Shai earned his bachelor’s degree from the University of Toronto and his Law Degree from Queen’s University. Shai is also a graduate of the aviation Flight Technology Program at Seneca College. After graduating from Seneca College in 1984, he began his working career as a commercial pilot. In 1985 he founded and ran both an executive aircraft charter company and a flight training school based in Toronto. After selling this company, Shai worked as an aviation consultant providing strategic and regulatory advice to Canadian and foreign clients.
Upon completing law school in 1994, Shai articled and practiced law with two major law firms in Toronto, specializing in corporate commercial law with an emphasis on mergers and acquisitions, corporate finance, and aviation. In 1999, Shai became the Chief Operating Officer, General Counsel, and a member of the Board of Directors of Quicklaw Inc., the leading provider of legal online data base services to the legal profession in Canada.
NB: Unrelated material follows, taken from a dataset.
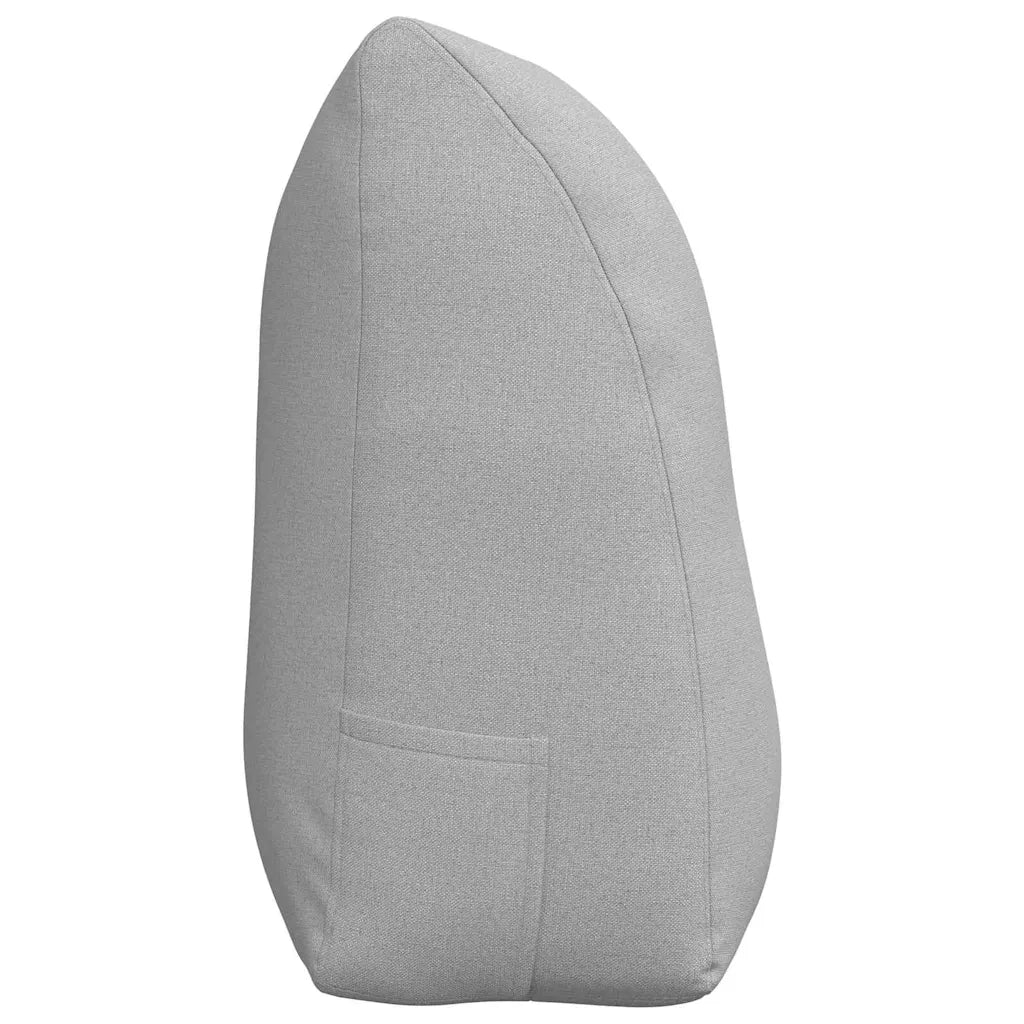 Cuscino per Schiena Grigio Nuvola 100 x 24 x 50 cm Tessuto 42014454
In 2002, upon the sale of Quicklaw to a multinational corporation, Shai returned to the private practice of law. In 2006, Shai joined Smith on a full-time basis.
Host: Susan Divers
Susan Divers is a senior advisor with LRN Corporation. In that capacity, Ms. Divers brings her 30+ years’ accomplishments and experience in the ethics and compliance area to LRN partners and colleagues. This expertise includes building state-of-the-art compliance programs infused with values, designing user-friendly means of engaging and informing employees, fostering an embedded culture of compliance and substantial subject matter expertise in anti-corruption, export controls, sanctions, and other key areas of compliance.
Prior to joining LRN, Mrs. Divers served as AECOM’s Assistant General for Global Ethics & Compliance and Chief Ethics & Compliance Officer. Under her leadership, AECOM’s ethics and compliance program garnered six external awards in recognition of its effectiveness and Mrs. Divers’ thought leadership in the ethics field. In 2011, Mrs. Divers received the AECOM CEO Award of Excellence, which recognized her work in advancing the company’s ethics and compliance program.
Mrs. Divers’ background includes more than thirty years’ experience practicing law in these areas. Before joining AECOM, she worked at SAIC and Lockheed Martin in the international compliance area. Prior to that, she was a partner with the DC office of Sonnenschein, Nath & Rosenthal. She also spent four years in London and is qualified as a Solicitor to the High Court of England and Wales, practicing in the international arena with the law firms of Theodore Goddard & Co. and Herbert Smith & Co. She also served as an attorney in the Office of the Legal Advisor at the Department of State and was a member of the U.S. delegation to the UN working on the first anti-corruption multilateral treaty initiative.
Mrs. Divers is a member of the DC Bar and a graduate of Trinity College, Washington D.C. and of the National Law Center of George Washington University. In 2011, 2012, 2013 and 2014 Ethisphere Magazine listed her as one the “Attorneys Who Matter” in the ethics & compliance area. She is a member of the Advisory Boards of the Rutgers University Center for Ethical Behavior and served as a member of the Board of Directors for the Institute for Practical Training from 2005-2008.
She resides in Northern Virginia and is a frequent speaker, writer and commentator on ethics and compliance topics. Mrs. Divers’ most recent publication is “Balancing Best Practices and Reality in Compliance,” published by Compliance Week in February 2015. In her spare time, she mentors veteran and university students and enjoys outdoor activities.